Dear all,
We have got RNA-Seq of a plant without a reference genome, so we de novo assembled its transcriptome using Trinity. Now we have an annotation file of this transcriptome. I want to generate GO (Gene Ontology) functional classification using Blast2GO. But re-mapping my Blast XML results in Blast2GO is time consuming (I tried that of my ~200,000 transcripts in my transcriptome).

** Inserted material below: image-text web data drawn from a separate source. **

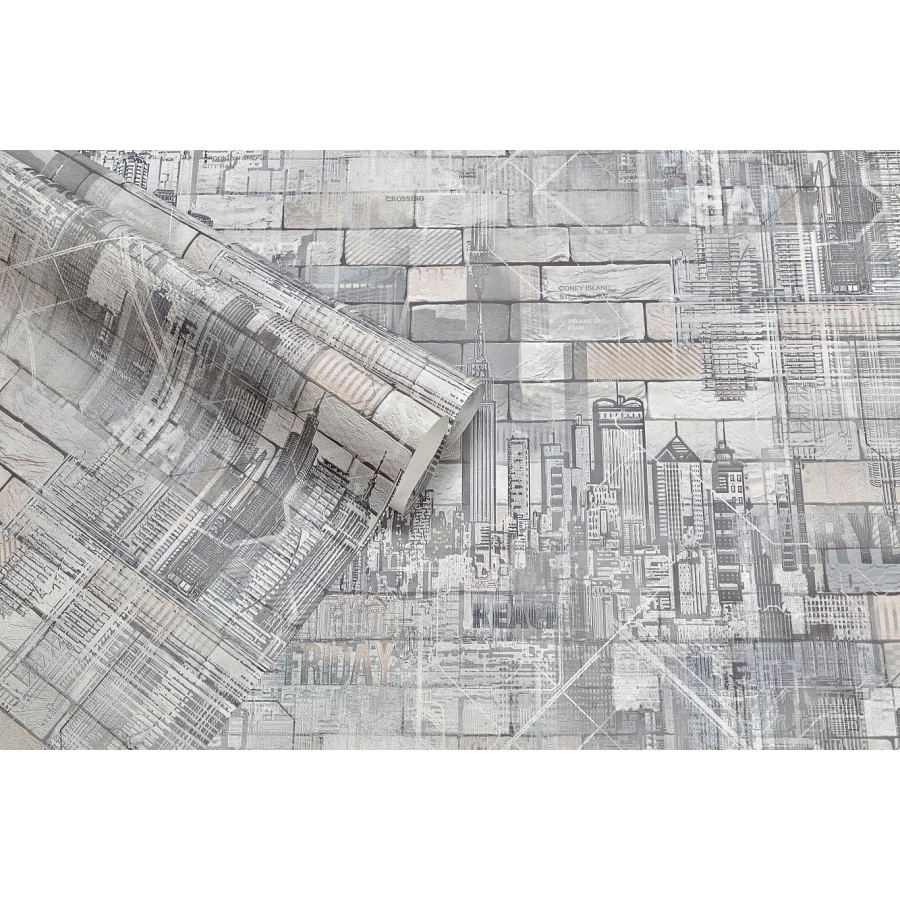 Обои флизелиновые Palitra Life Manhattan серые PL71814-14 1,06х10,05 м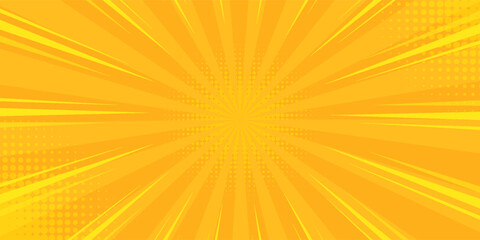 Fototapeta premium Pop art yellow comics book cartoon magazine cover. Cartoon funny retro pattern strip mock up. Vector halftone illustration. Vintage backdrop for comic superhero text, speech bubble, message.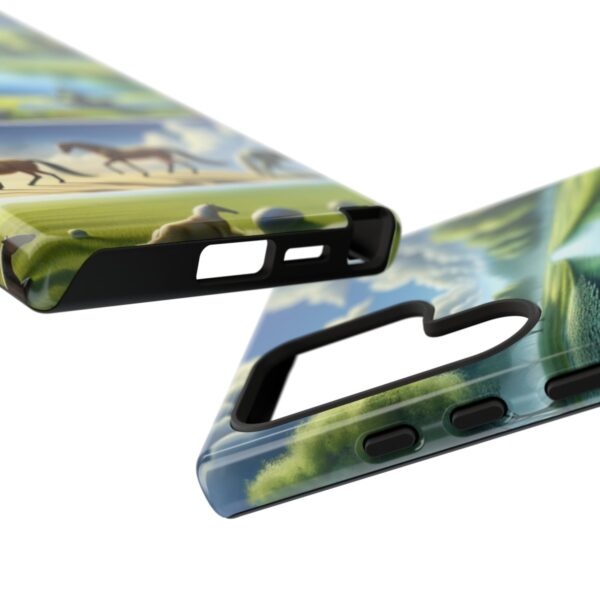 "Serenity Yoga Horses: Tranquil Scenes on Phone Case"- Phone Case - Image 205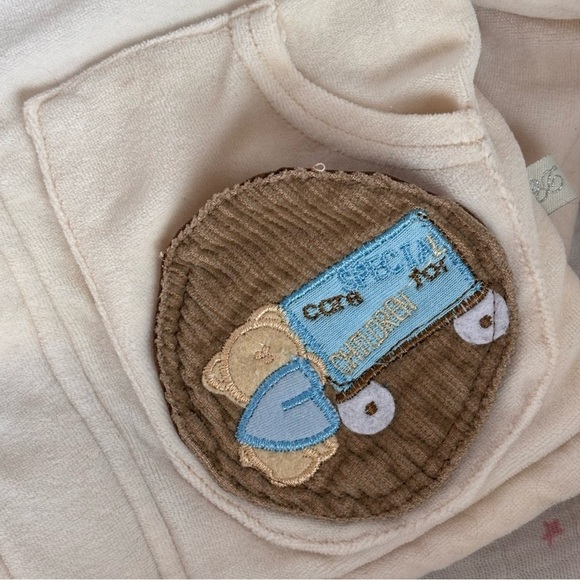 ⭒ 6M Cream Chunky Jacket Button Zipper Embroidered Bear Pockets Collar Velour ⭒ - Picture 4 of 13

An alternative way to generate GO function classification is importing the annotation file (with a suffix .annot
according to Blast2GO manual), the .annot
file looks like below (You can also get this example .annot file at http://www.blast2go.com/b2glaunch/resources, named b2g_example_files.zip
): p.s. If you can't see this picture from Flickr, I also put it on GitHub
But our annotation file was not generated by Blast2GO, it's a CSV file like this below (a little mess):
X01_query_id, X06_hit_title, X07_molecular_function, X08_biological_process, X09_cellular_component ##header of the CSV file
comp1000113_c0_seq1, Cc-nbs resistance protein [Medicago truncatula], GO:0043531 // ADP binding;GO:0005524 // ATP binding;GO:0017111 // nucleoside-triphosphatase activity, GO:0006952 // defense response,
comp10001_c0_seq1, Pistil-specific extensin-like protein [Medicago truncatula], , ,
comp1000255_c0_seq1, F-box protein [Medicago truncatula], , ,
comp1000736_c0_seq1, Alpha-L-arabinofuranosidase [Medicago truncatula],GO:0046556 // alpha-N-arabinofuranosidase activity, GO:0046373 // L-arabinose metabolic process,
comp1000860_c0_seq1, Protein kinase [Medicago truncatula], GO:0005524 // ATP binding;GO:0004674 // protein serine/threonine kinase activity, ,
I need to bother you to help me provide some command or some scripts to generated a .annot
file like this below:
Ignore those lines without GO IDs
p.s. If you can't see this picture from Flickr, I also put it on GitHub
I look forward to hearing from all of you soon.
Thank you and best regards,
lzsph
Hi Whetting,
Awesome. By the way, how to keep one protein name in each set? Like this below.
comp1000113c0seq1 GO:0043531 Cc-nbs resistance protein
comp1000113c0seq1 GO:0005524
comp1000113c0seq1 GO:0017111
comp1000113c0seq1 GO:0006952
Thank you very much!
Regards,
Lzsph
I edited the code...this should give you what you want
Hi Whetting, thanks again. It's perfect!!!